I am not a runner. Not naturally, not even a little bit. I used to make myself run sometimes back in high school . . . I think I even ran a few miles once or twice. I hated it. Let’s just say I’ve always been one of those people that was never very likely to live long in the event of a Zombie apocalypse. I’ve also been militantly ANTI-signing-up-for-road-races . . . partially because EVERYBODY seems to do it once they graduate from college. It’s like some misguided masochistic rite of passage. College graduation seems to perpetually be followed by road races and the eventual adoption/purchasing of a dog. And I wanted none of it. I’ve always found other fulfilling pursuits.
HOWEVER, after a LONG period of being sick (like 18 months, give or take a few), I decided that I needed a little extra motivation to get in shape, and I had seen a couple of FUN looking 5k races (you know, the color run, runs involving costumes, silly runs you can do with friends. . . you get the idea), so on New Years I told my sister that I wanted to run a 5k sometime during this new year. 5k = 3.12 miles, and I supposed I should probably be able to run 3.12 miles.
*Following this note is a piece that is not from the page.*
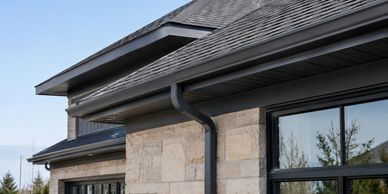 Clean gutter and roofline on a Colorado residential home.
I’m not big on new year’s resolutions, but it seemed like a good plan in general, SO I told her she was in charge of making sure I signed up/ran a 5k with her at some point during 2014. She agreed to make sure I followed through.
Fast-forward a few months
to a moment when I am suddenly added to a text-message strand with an abundance of unread messages. . .
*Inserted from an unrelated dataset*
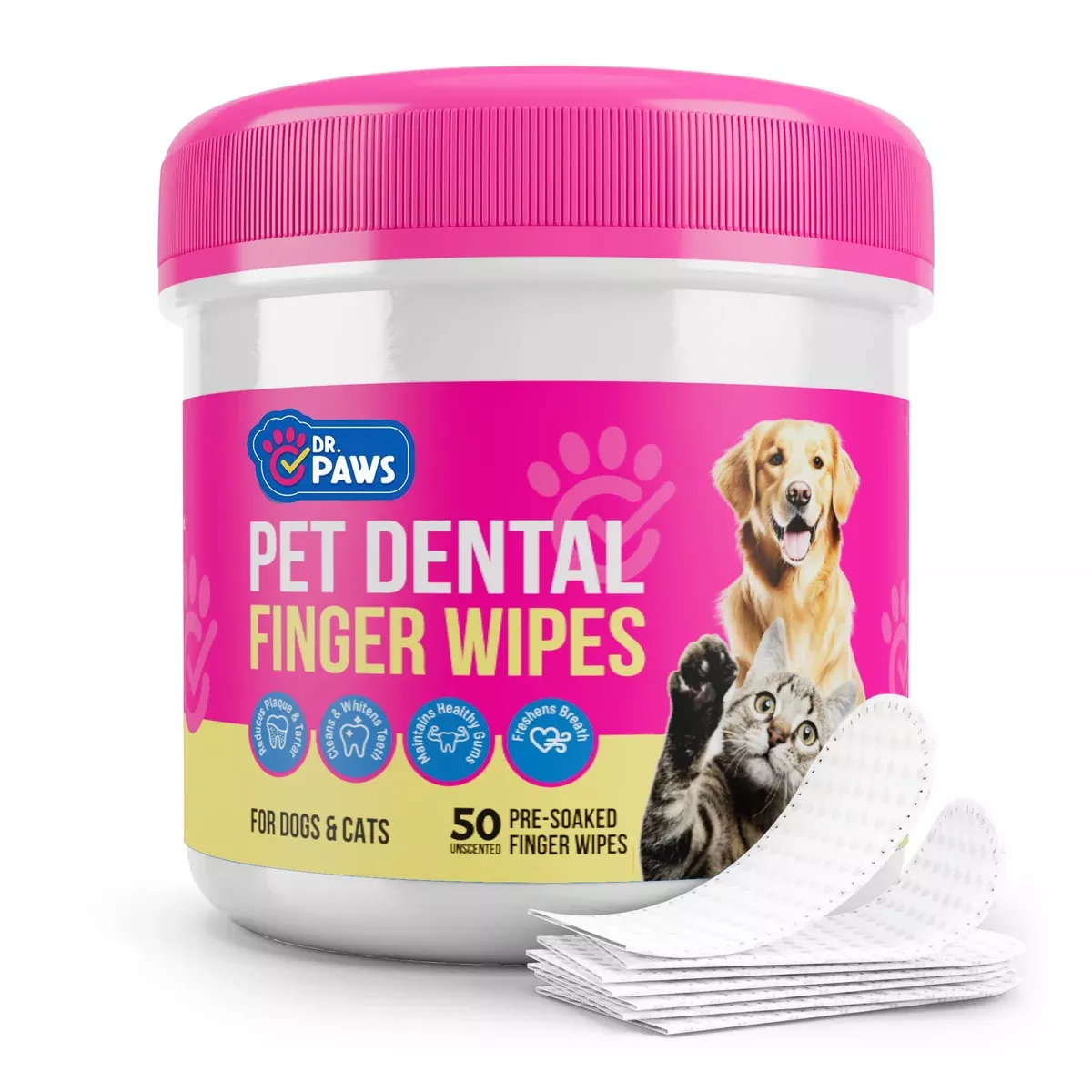 Naturally Formulated Pet Dental Finger Wipes for Teeth Cleaning (50 Count)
Can we talk about this? I get added to this devious message strand by my super-scheming-yet-seemingly-oblivious siblings, the punks! I saw it, laughed really hard because I figured that I’d be in “the know” and ahead of their game . . . I would never give in to running a race longer than a 5k! Laughing at the lack of guile in my wonderful family, I posted the above picture on my facebook page, letting them know I was aware of their machinations. It was then that I learned the terrifying truth.
That’s right. My sister, who I love and trust, signed me up for a ten mile road race. Not only that, but our team name is STAR WARS, in tribute the the fact that the Broad Street Run will be taking place on May the Fourth (as in: “May the fourth be with you”). Reality began to set in as the messages continued. . .
I finally weighed in on the conversation, my own dubious opinions evident (at least, I thought so).
Fast-forward a few more weeks . . .
My initial feelings of fear and dread have now passed (mostly), and I have since decided to throw myself into the planning/preparation with dedication. I am currently in Week 4 of the following training plan, and have only missed one two-mile run so far (everybody gets sick sometimes, right?).
With a few weeks of perspective under my belt, I have to admit something. I am kind of proud of myself. I mean, don’t get me wrong, running in New England in the Winter is not exactly making it to my top 10 favorite activities in life. In fact, running in general will probably never make the favorite activities list, no matter what season we’re talking about . . . but it is kind of fulfilling and empowering to see myself get better at this miserable process as I go. I can (begrudgingly) admit that I am glad I am doing this (despite the fact that it makes me HUGELY nervous that I still have yet to run even half of what I will need to run come May)!
SO, with that small bit of perspective firmly in mind, I’ll keep training. Any tips from more veteran runners are hugely welcome, and once May 4th has come and gone, I’ll let you all know how the race goes down!